If you’re watching the Super Bowl today, some of those brand new ads may feel awfully familiar — a growing number of them are being released online ahead of time, either in their entirety or as a partial teaser.
A spokesperson for video advertising and analytics company Visible Measures, told me that his team looked at every Super Bowl campaign since 2010 and found that more and more advertisers are following this strategy — there were 13 in 2010, 27 in 2011, 34 in 2012, and 42 in last year. (Visible Measures found 30 brands that had their ads ahead of time this year, but that was in the middle of the past week, so the final number will be higher.)
Basically, it seems that advertisers now treat the game as just part of a monthlong campaign, one where online views are increasingly important. As Tim Calkins, a professor of marketing at Northwestern University, told The New Yorker: “It is not about winning the Super Bowl but winning an entire month.”
Super Bowl ads saw a total of 370 million online views last year, Visible Measures said (measured one month after the game). And advertisers who release the ads early are the ones who win, according to the company’s data.

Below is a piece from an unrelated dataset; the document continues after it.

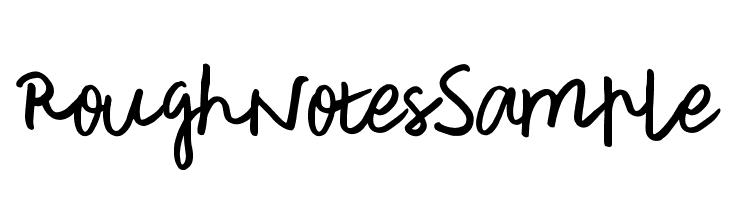 RoughNotesSample  Скачать бесплатные шрифты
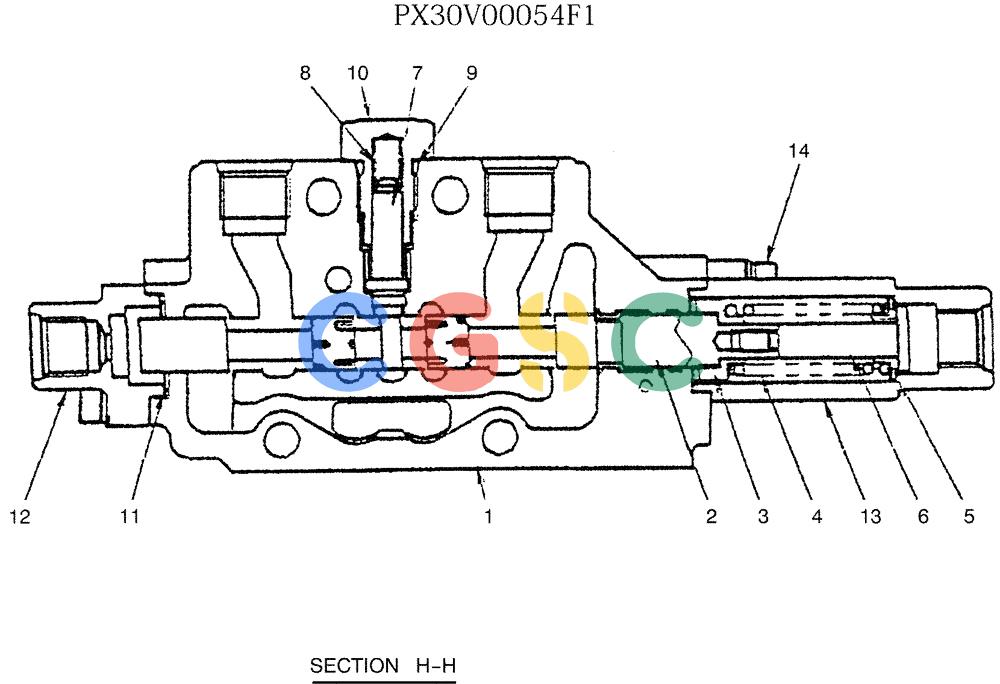 纽荷兰零件查询(E35SR) - COMPACT CRAWLER EXCAVATOR ASN PX13-15001 (N6TN61732) (NA) (1/06-) (07-008) - VALVE ASSY, CONTROL, (TRAVEL RIGHT) New Holland Constructuion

Visible Measures says it tracks a video’s “True Reach” across the web, including sites like YouTube, DailyMotion, Metacafe, and Vimeo. When the brands released their ads ahead of time, they saw significantly higher True Reach than those that didn’t — the difference peaked at 600 percent more views in 2012 before falling to 200 percent last year, presumably due to increased competition for online attention.
As one example, Visible Measures pointed to Samsung’s video “The Big Pitch,” which had already been viewed 8.7 million times by the time the Super Bowl aired, and which had a total of 33.5 million online views a month later. And this year, Budweiser’s “Puppy Love” ad (embedded below) has already been viewed 26.7 million times — so its final viewer count is going to pretty impressive.